More Of Disney's Alice Mess

Disney is busy selling the notion that it won some victory by getting a deal done with Odeon in the UK to show Alice In Wonderland with a 14 week theatrical window. But it’s not quite that simple. They bought the right to experiment with a shorter window 3 times in the next 2 years, while also giving Odeon improved terms on the split of the box office gross in this shortened window.
My problem with this is that it is neither fish nor foul. Internal estimates of post-theatrical revenues are lovely and all, but what happens to Alice in June really can’t prove anything. No single movie can in a situation like this. And a window for one movie shrinking one month isn’t much of a test of anything either. There simply is no way to measure and to be confident of what is real.
The line someone dropped – and should pick up – that piracy is an issue between theatrical and DVD is just a load of crap. Piracy starts in earnest on Day One of the release of a movie. There are discs on the streets and streams on the web before the first weekend is over.
When you can show me a single person who chooses not to get a film illegally in the first 3 months of release, but then has a deep and abiding need to purchase or download an illegal copy between 12 weeks and 16 weeks, offer them up. And I will still want to quiz them about what drugs they are on.
There is only one market that waits 8 weeks before getting serious about seeing a title and then often finds itself out of luck because the theatrical run has dried up… and it happens to be the very same group that is least likely to download or buy a pirated copy of a film… and is also the least affected by “see it now” pressures… people over 50… mostly women over 50.
When a company acts the way Disney is behaving, there are only three options that I can think of: 1. They are boldly seeking out a new future, 2. They are finding ways to cover their tracks for losses they are projecting, and 3. They are reckless fools who like changing things to see what happens. Your call.
And what I expect out of Alice and the two other experiments? (Disney should pay Odeon even more for creating a structure for the future of their experimentation.) Numbers that are read completely differently by whoever believes in whichever side of the argument.
Charlie & The Chocolate Factory grossed less than 1% of its theatrical gross after Weekend 12. And that was a film with long legs in the current era. So that is a non-starter.
Having more weeks in theaters is not really the issue for exhibitors or the industry. The issue is choosing to shorten the window and everything that has followed. And that is, in my long and strongly-held opinion, suicide for this industry, taking the very real and compelling opportunity of expanding delivery systems for post-theatrical and turning into harder-to-exploit mush.
But that’s just me. (And the lesson that the industry keeps learning every time it decides that it needs dramatic changes in windows.)
And PRESS RELEASE… AMC gets manipulated for a price, as was inevitable, by Disney. Who got the better of the deal, only time will tell.
AMC Entertainment to Show “Alice In Wonderland”
Tickets on Sale Now
Kansas City, Mo. (Feb. 25, 2010) – AMC Entertainment Inc. (AMC), a leading theatrical exhibition and entertainment company, today placed for sale across its entire circuit advanced tickets to “ALICE IN WONDERLAND,” Walt Disney Studios’ upcoming motion picture.
“ALICE looks terrific, and it promises to be the next 3D blockbuster. It is sure to please our guests – many of whom have called and emailed – and help us maintain box office momentum in 2010,” said Gerry Lopez, CEO and president of AMC. “As business models evolve for exhibitors as well as distributors such as Disney, it makes sense to focus on the many opportunities we have to improve our economics, so we can continue to invest in technology our guests want and ultimately, the guest experience in our theatres.”

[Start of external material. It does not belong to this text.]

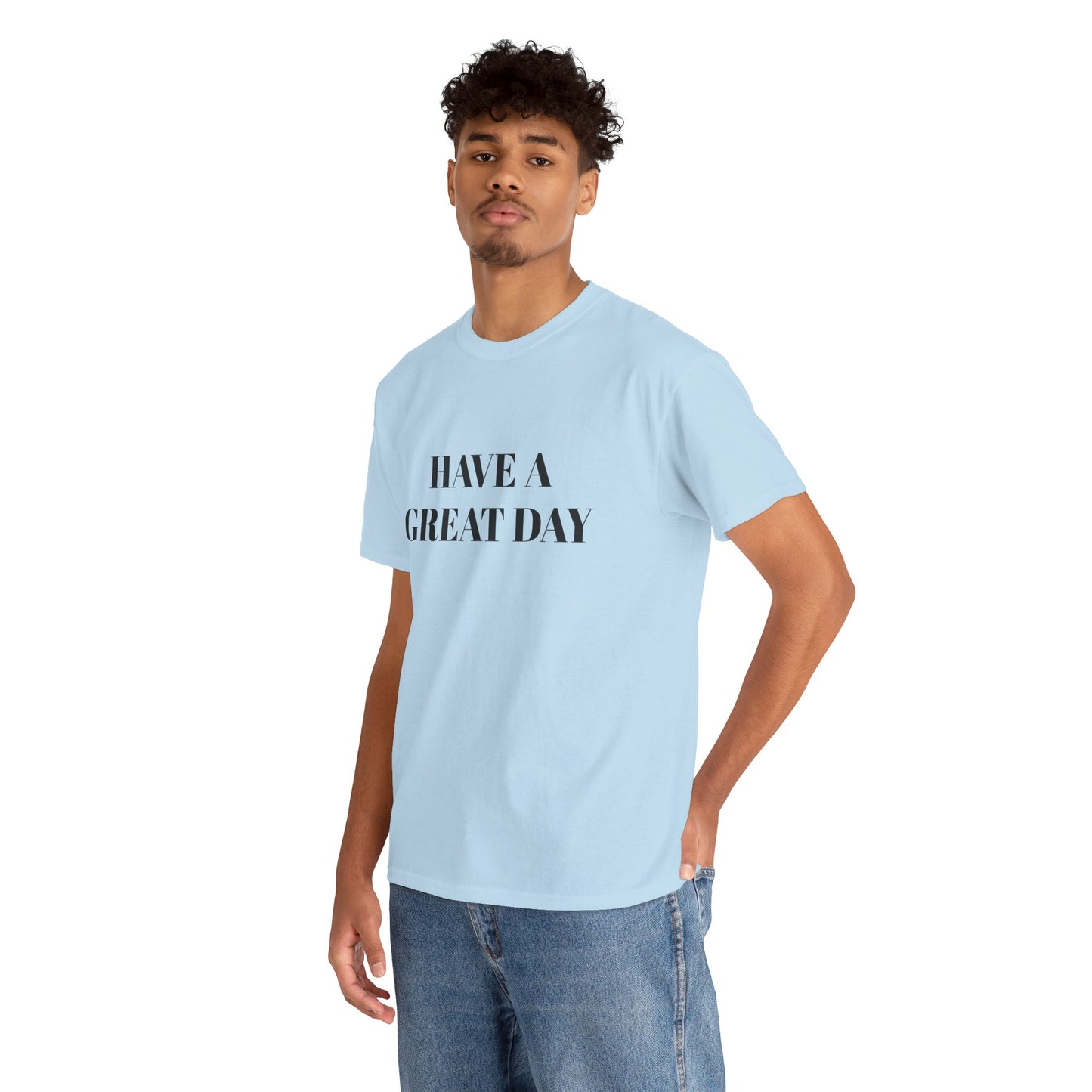 "It's Going To Be Well WHY? GOD'S GOT YOU!" Inspirational Christian Tee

22 Responses to “More Of Disney's Alice Mess”

  1. Wrecktum says:

    It’s a Bob Iger thing. I don’t think Iger cares if he’s leaving money on the table. He considers it the cost of doing business. What that business is is anyone’s guess but his.

  2. EthanG says:

    DP it’s not piracy that starts after day 1 of a major release, it’s DVD piracy, specifically Region 5 piracy.
    Region 5 DVD’s are copies made with a TC machine from an analog source. They do this in Region 5 (Russia, India and Africa) in order to make DVD’s cheaper over there. Unfortunately, because they are produced at the same time as screeners, usually a few weeks after a film is out of theatres, there is a high degree of piracy.
    There are only so many people who will watch a cam-quality copy of a pirated film. There’s no way to measure it of course, but Id wager at least 50% engaged in piracy do so through R5 DVD’s.
    The only way to stop this piracy is to stop using telecine for R5 Dvd’s, or narrowing the window.

  3. EthanG says:

    First paragraph meant to say: while cam and telesync piracy starts after Day 1 of a release, much doesn’t occur until exiting theatrical release.

  4. LYT says:

    In related news, after critics rsvp’ed to the LA Alice screening, we got told a few days later that suddenly, guests were not allowed.

  5. David Poland says:

    Don’t feel too bad, Luke… I wasn’t even invited to that as no one at Disney seems to be able to figure out who in publicity is responsible for me at the studio now.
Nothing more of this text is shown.